Le 6 mai, dans la matinée, après s’être rassemblées pour commémorer la mort de Domenico Rigante, une centaine de personnes, voire davantage, auraient tenté de se rendre dans le quartier de Rancitelli. Elles en ont été empêchées par la police qui est intervenue rapidement. La nuit suivante, 40 à 50 personnes, le visage masqué par des foulards et des chapeaux, ont fait irruption dans une salle de bingo de Pescara et dans une autre située à quelques kilomètres de là, à Montesilvano. Elles avaient manifestement l’intention de s’en prendre à des Roms, qui viennent souvent jouer dans ces salles. Personne n’a toutefois été agressé, car aucun Rom n’était alors présent.

Amnesty International note que l’auteur présumé de l’homicide de Domenico Rigante et quatre complices présumés ont été arrêtés par la police quelques jours après le crime, et que d’autres personnes soupçonnées elles aussi d’être complices sont recherchées par les enquêteurs. Même si elle est consciente des efforts déployés par la police pour traduire en justice les responsables de ce meurtre et pour protéger les Roms de la région, l’organisation insiste sur la nécessité pour les autorités italiennes à tous les niveaux de prendre des mesures concrètes pour empêcher que les Roms ne soient agressés et harcelés. Elles doivent aussi veiller, dans leurs déclarations publiques, à indiquer clairement qu’un groupe ne doit jamais être rendu responsable des actes d’une personne, que la responsabilité pénale est individuelle et que les Roms ont droit à l’entière protection de la loi.

En décembre 2011, un incendie criminel avait ravagé un campement rom à Turin, après que des informations eurent fait état du viol d’une fillette par des hommes roms. Ces informations se sont révélées fausses, la victime présumée étant revenue sur ses accusations.

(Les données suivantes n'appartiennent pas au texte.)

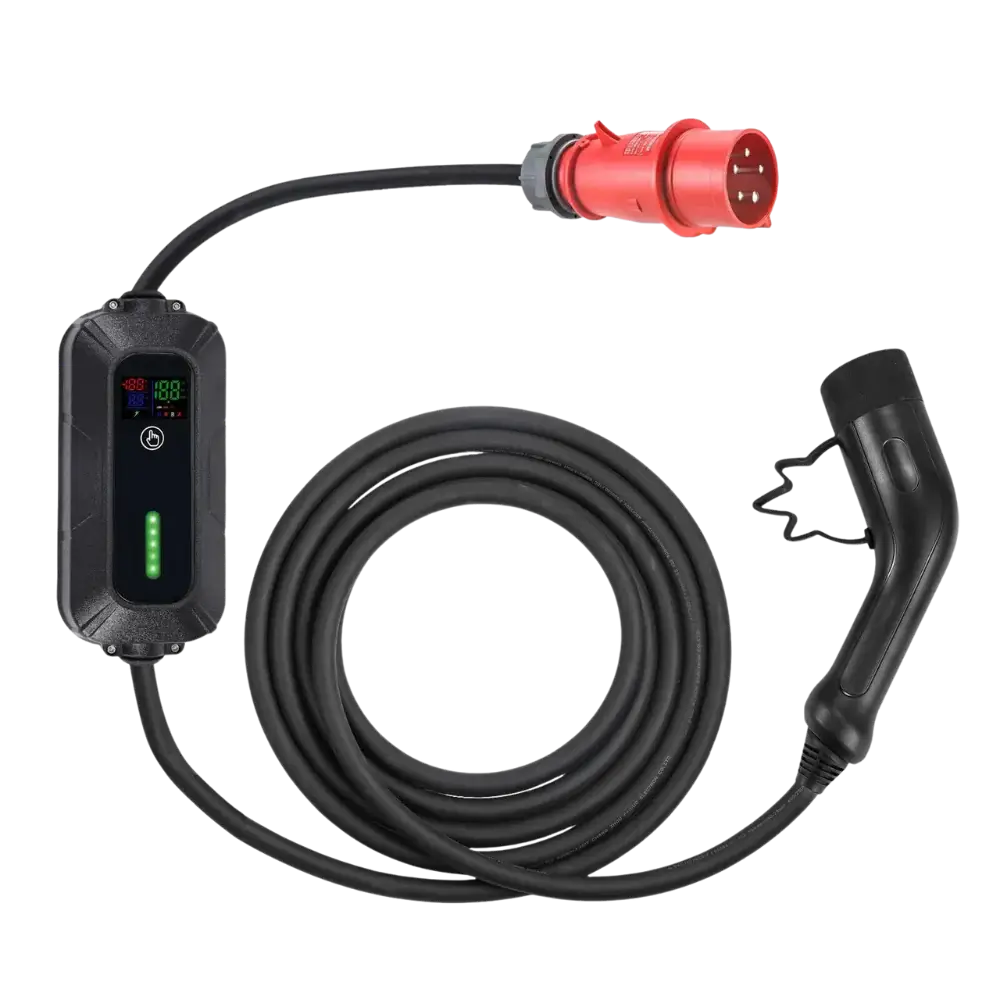 De 🇳🇱 VOLDT Booster Master Travelset is een 22kW 3-fase professionele laadoplossing: een handige mobiele EV-lader met controlebox, LED-indicatoren, opgerolde zwarte kabel, rode industriële stekker en standaard EV-stekker.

Amnesty International note que, depuis plusieurs années, les représentants locaux comme nationaux de l’État entretiennent un climat d’intolérance envers les Roms, en tenant des propos qui établissent des liens sans fondement entre la simple présence de membres de cette communauté et l’augmentation de la criminalité et de l’insécurité. Au nom de la sécurité, les autorités italiennes ont mis en place ces dernières années des initiatives qui ont aggravé les discriminations à l’égard des Roms, par exemple le décret de 2008 instaurant l’état d’urgence (décret « Urgence Nomades »), déclaré illégal en novembre 2011 par la plus haute instance administrative italienne.

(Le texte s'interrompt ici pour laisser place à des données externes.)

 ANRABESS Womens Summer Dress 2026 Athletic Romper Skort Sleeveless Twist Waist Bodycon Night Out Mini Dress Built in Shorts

Amnesty International s’inquiète des propos tenus récemment par le maire de Pescara dans le contexte actuel et relayés par les médias. Celui-ci a en effet proposé que les règles et procédures régissant l’accès aux logements sociaux et l’expulsion de ces logements soient révisées et assouplies. L’organisation rappelle à l’ensemble des pouvoirs publics que l’accès à un logement convenable est un droit humain, dont la jouissance est entièrement indépendante des enquêtes pénales et des poursuites judiciaires. L’organisation est également préoccupée par une déclaration publiée le 8 mai sur le site web officiel de la police de Pescara, décrivant la « présence massive » de Roms dans la province comme « un facteur critique de première importance ». Les propos attribués au chef de la police de Pescara constituent un autre motif de préoccupation. Celui-ci aurait établi un lien explicite entre les saisies et d’autres opérations de police visant les Roms, effectuées récemment dans le contexte d’enquêtes sans rapport avec l’homicide de Domenico Rigante, et la nécessité de répondre aux attentes de la population, qui souhaitait que soit endiguée la criminalité des Roms. Amnesty International estime que la décision de mener des opérations de police ne doit être fondée que sur la nécessité de prévenir les crimes et d’en poursuivre les auteurs, quelle que soit l’origine ethnique des suspects. Même si elle reconnaît la nécessité de lutter contre la criminalité et de faire respecter l’état de droit, et prend acte des efforts déployés pour protéger la communauté rom à Pescara, l’organisation engage toutes les autorités à ne pas tenir de propos susceptibles de renforcer l’impression qu’il existe un lien entre les Roms et la criminalité.